As captain of his high school cross-country team he concocted novel, grueling training regimens that his teammates still remember well. “Chris invented this workout he called Road Warriors,” explains Gordy Cucullu, a close friend from those days. “He would lead us on long, killer runs, as far and as fast as we could go, down strange roads, through the woods, whatever. The whole idea was to lose our bearings, to push ourselves into unknown territory. Then we’d run at a slightly slower pace until we found a road we recognized, and race home again at full speed. In a certain sense, that’s how Chris lived his entire life.”

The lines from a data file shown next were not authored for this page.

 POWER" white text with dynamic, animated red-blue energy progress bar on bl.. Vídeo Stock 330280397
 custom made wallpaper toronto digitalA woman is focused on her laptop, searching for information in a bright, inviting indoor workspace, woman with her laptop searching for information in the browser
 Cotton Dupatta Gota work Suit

McCandless viewed running as an intensely spiritual exercise akin to meditation. “Chris would use the spiritual aspect to try to motivate us,” recalls Eric Hathaway, another friend on the team. “He’d tell us to think about all the evil in the world, all the hatred, and imagine ourselves running against the forces of darkness, the evil wall that was trying to keep us from running our best. He believed doing well was all mental, a simple matter of harnessing whatever energy was available. As impressionable high school kids, we were blown away by that kind of talk.”

McCandless’s musings on good and evil were more than a training technique; he took life’s inequities to heart. “Chris didn’t understand how people could possibly be allowed to go hungry, especially in this country,” says Billie McCandless, a small woman with large, expressive eyes—the same eyes Chris is said to have had. “He would rave about that kind of thing for hours.”

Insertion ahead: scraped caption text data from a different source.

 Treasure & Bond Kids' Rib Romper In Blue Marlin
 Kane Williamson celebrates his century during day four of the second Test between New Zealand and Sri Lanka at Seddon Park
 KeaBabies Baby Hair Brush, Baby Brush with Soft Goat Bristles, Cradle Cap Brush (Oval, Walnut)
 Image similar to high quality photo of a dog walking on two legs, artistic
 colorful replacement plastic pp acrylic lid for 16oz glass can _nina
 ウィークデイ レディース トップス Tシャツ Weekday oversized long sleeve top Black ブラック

For months he spoke seriously of traveling to South Africa and joining the struggle to end apartheid. On weekends, when his high school pals were attending keggers and trying to sneak into Georgetown bars, McCandless would wander the seedier quarters of Washington, chatting with pimps and hookers and homeless people, buying them meals, earnestly suggesting ways they might improve their lives. Once, he actually picked up a homeless man from downtown D.C., brought him to the leafy streets of Annandale, and secretly set him up in the Airstream trailer that his parents kept parked in the driveway. Walt and Billie never even knew they were hosting a vagrant.

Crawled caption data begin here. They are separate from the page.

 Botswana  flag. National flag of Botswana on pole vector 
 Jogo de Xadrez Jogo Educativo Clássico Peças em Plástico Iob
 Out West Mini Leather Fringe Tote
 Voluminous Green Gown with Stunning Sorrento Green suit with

McCandless’s personality was puzzling in its complexity. He was intensely private but could be convivial and gregarious in the extreme. And despite his overdeveloped social conscience, he was no tight-lipped, perpetually grim do-gooder who frowned on fun. To the contrary, he enjoyed tipping a glass now and then and was an incorrigible ham who would seize any excuse to regale friends and strangers with spirited renditions of Tony Bennett tunes. In college he directed and starred in a witty video parody of Geraldo Rivera opening Al Capone’s vault. And he was a natural salesman: Throughout his youth McCandless launched a series of entrepreneurial schemes (a photocopying service, among others), some of which brought in impressive amounts of cash.

Upon graduating from high school, he took the earnings he’d socked away, bought a used Datsun B210, and promptly embarked on the first of his extemporaneous transcontinental odysseys. For half the summer he complied with his parents’ insistence that he phone every three days, but he didn’t check in at all the last couple of weeks and returned just two days before he was due at college, sporting torn clothes, a scruffy beard, and tangled hair and packing a machete and a .30-06 rifle, which he insisted on taking with him to school.

With each new adventure, Walt and Billie grew increasingly anxious about the risks Chris was taking. Before his senior year at Emory he returned from a summer on the road looking gaunt and weak, having shed 30 pounds from his already lean frame; he’d gotten lost in the Mojave Desert, it turned out, and had nearly succumbed to dehydration. Walt and Billie urged their son to exercise more caution in the future and pleaded with him to keep them better informed of his whereabouts; Chris responded by telling them even less about his escapades and checking in less frequently when he was on the road. “He thought we were idiots for worrying about him,” Billie says. “He took pride in his ability to go without food for extended periods, and he had complete confidence that he could get himself out of any jam.”

“He was good at almost everything he ever tried,” says Walt, “which made him supremely overconfident. If you attempted to talk him out of something, he wouldn’t argue. He’d just nod politely and then do exactly what he wanted.”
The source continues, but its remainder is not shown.